[TASK INSTRUCTIONS] Among the entries that follow, locate the line with "imgflip.com ME KNOWING" and the line with "Sobczyk Lucjan - Chemia fizyczna". Output those lines and all lines in between, exactly, minus the pictures.

[PROVIDED MATERIAL]
------

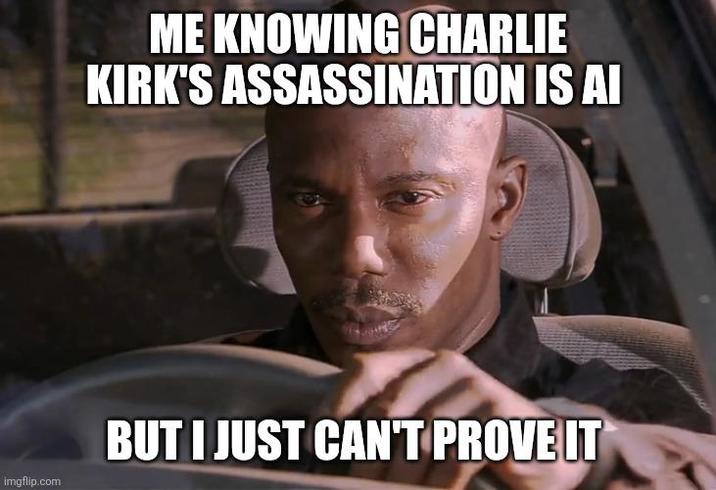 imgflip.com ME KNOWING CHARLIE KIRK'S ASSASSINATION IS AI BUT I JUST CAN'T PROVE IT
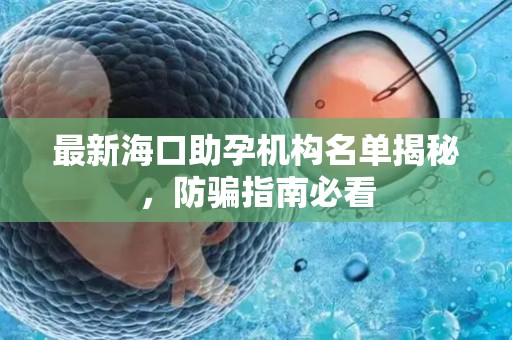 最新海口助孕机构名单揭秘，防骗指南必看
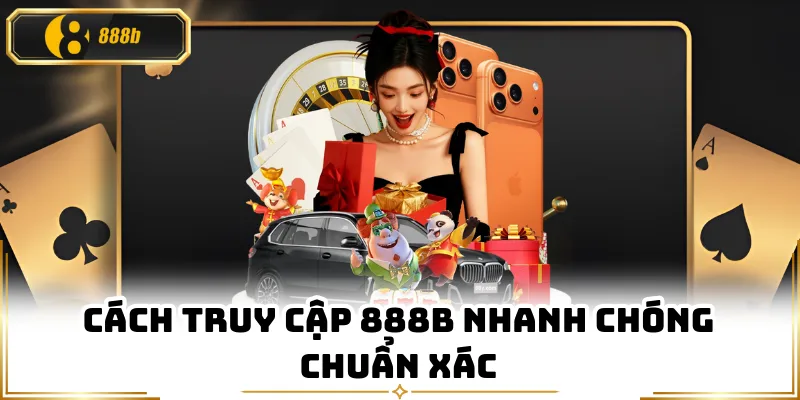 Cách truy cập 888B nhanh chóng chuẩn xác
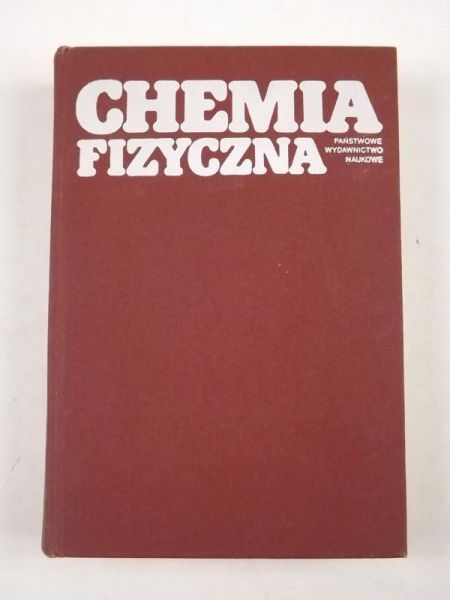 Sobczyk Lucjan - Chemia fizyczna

------

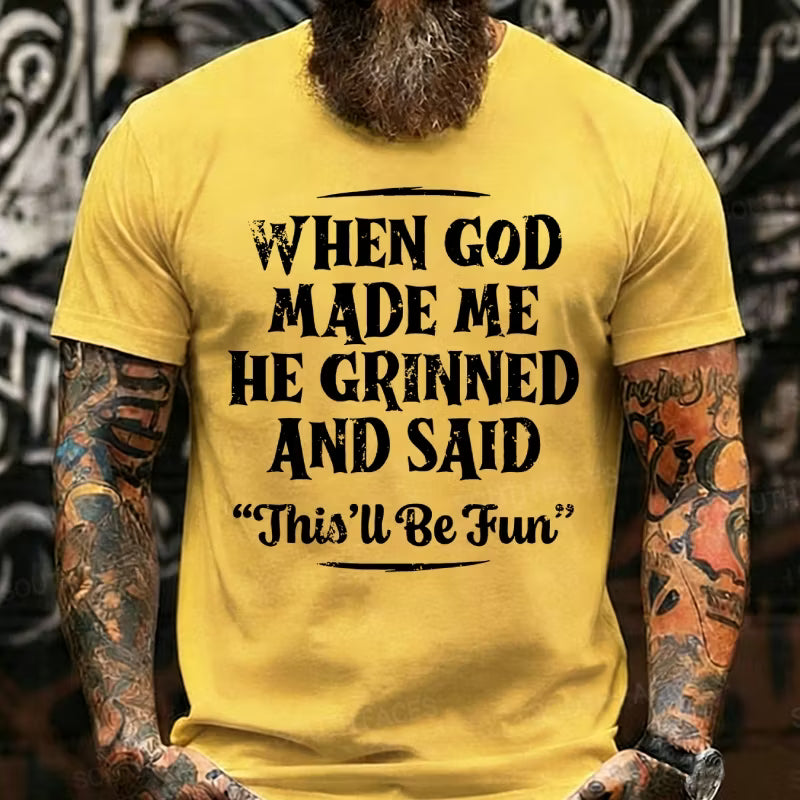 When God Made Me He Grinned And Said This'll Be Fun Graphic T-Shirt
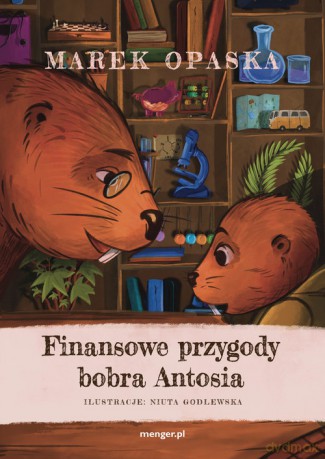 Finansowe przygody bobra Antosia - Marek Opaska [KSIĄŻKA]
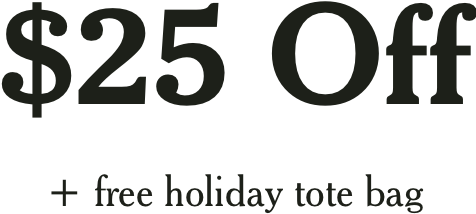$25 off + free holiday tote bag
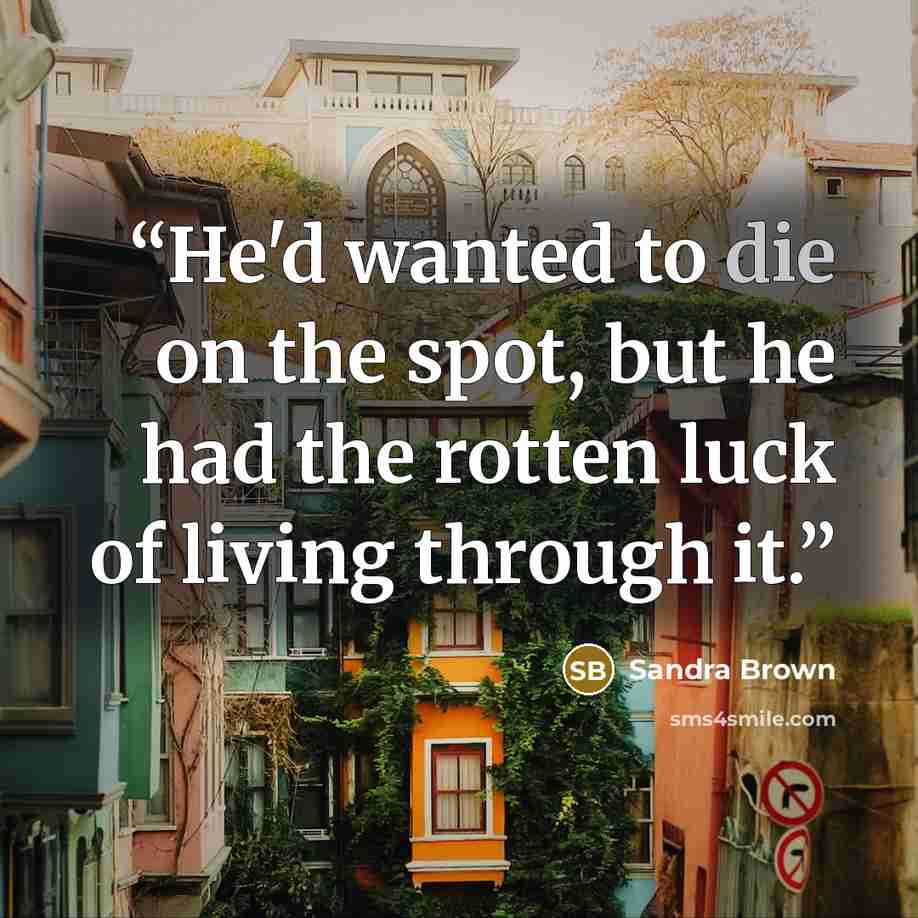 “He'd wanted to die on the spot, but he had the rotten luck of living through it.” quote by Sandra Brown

------

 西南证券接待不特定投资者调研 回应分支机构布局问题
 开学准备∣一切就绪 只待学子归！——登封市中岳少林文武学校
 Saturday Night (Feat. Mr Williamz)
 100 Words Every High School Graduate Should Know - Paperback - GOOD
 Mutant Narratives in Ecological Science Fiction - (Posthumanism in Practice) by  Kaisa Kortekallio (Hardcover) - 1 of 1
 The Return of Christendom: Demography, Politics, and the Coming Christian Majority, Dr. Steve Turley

------

[WRITTEN SOLUTION]
 imgflip.com ME KNOWING CHARLIE KIRK'S ASSASSINATION IS AI BUT I JUST CAN'T PROVE IT
 最新海口助孕机构名单揭秘，防骗指南必看
 Cách truy cập 888B nhanh chóng chuẩn xác
 Sobczyk Lucjan - Chemia fizyczna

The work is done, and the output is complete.